#  > STAGE & RIGGING FORA >  > RIGGING FORUM - ONDERWERPEN & FOTO'S >  >  Certificaat gelezen?

## rinus bakker

Er wordt heel wat gepraat over certificeren enz. 
En allerlei mensen die zeggen dat ze een certificaat bij hun materiaal hebben.
Maar hoeveel mensen hebben die certificaten ook daadwerkelijk gelezen (of geprobeerd te lezen) en begrepen wat erin staat?
Volgens mij is er een enorme puist aan papier aanwezig in allerlei bureau's waar eigenlijk alleen maar windhandel mee gemoeid is = certiceren kost geld! 
Maar als je niet weet wat er eigenlijk staat (dus waar je voor betaald hebt!), hang je alsnog voor de rechter of de verzekeraar als er ooit iets mis mocht gaan!

* Hijsfijn!!!!!*

----------


## DidierB

ik weet niet hoe het in NL gesteld is, maar in belgië mag je in vrijwel elke expo-hal een keuring verwachten, en als je dan je certificaten van de rigging niet mee hebt kan je wel eens een probleem hebben.

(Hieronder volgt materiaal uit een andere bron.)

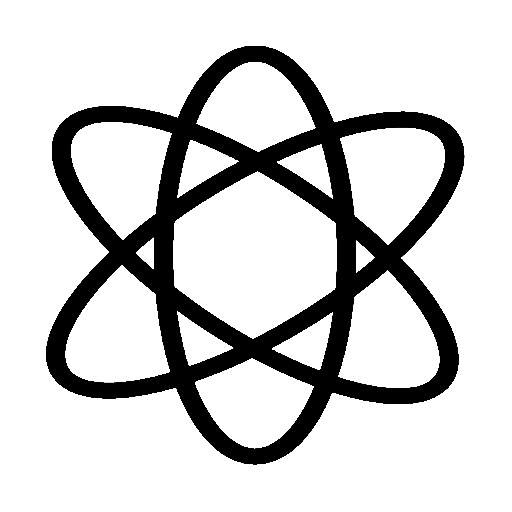 Nuke Med Calculator - Free 1.91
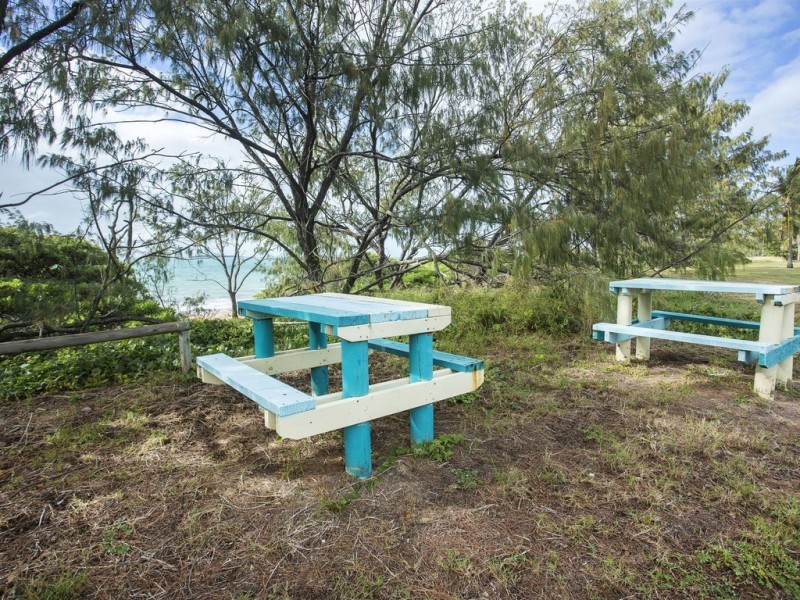 22 Audrena Street, Hay Point QLD 4740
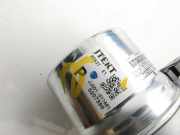 Hyundai I10 PA 11-13 Lenkhilfe elektr. Lenksäule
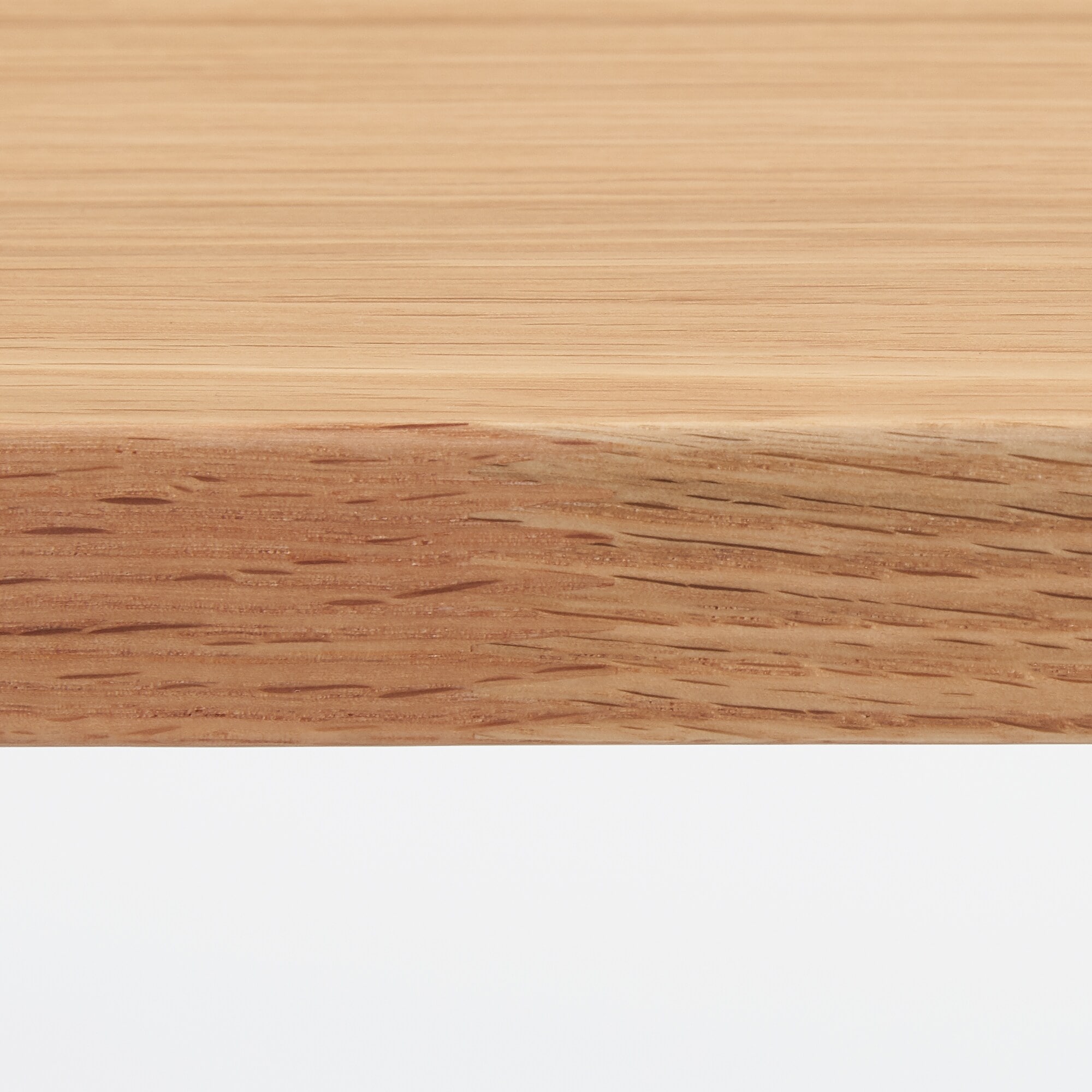 【中古品】木製テーブル天板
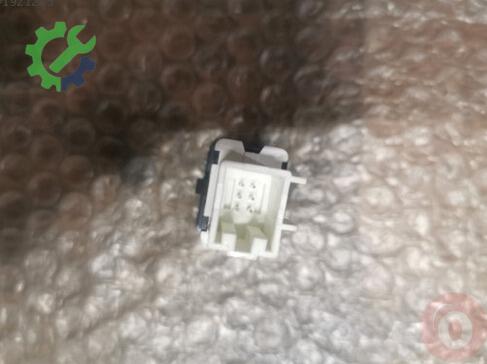 Volkswagen Transporter ESP Sensörü 7E0959856F çıkma parça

Elke zichzelf respecterende firma laat trouwens minstens z'n rigging en elektro minimaal 1x per jaar keuren. Ok het is duur, maar je bent tenminste zeker van je materiaal.


Groeten,


Didier Beghin
Ampli bvba

----------


## rinus bakker

Hoi Didier,
de vraag was niet zozeer of je wel je certificaten bij je hebt, maar of je ook begrijpt wat er precies in beschreven staat.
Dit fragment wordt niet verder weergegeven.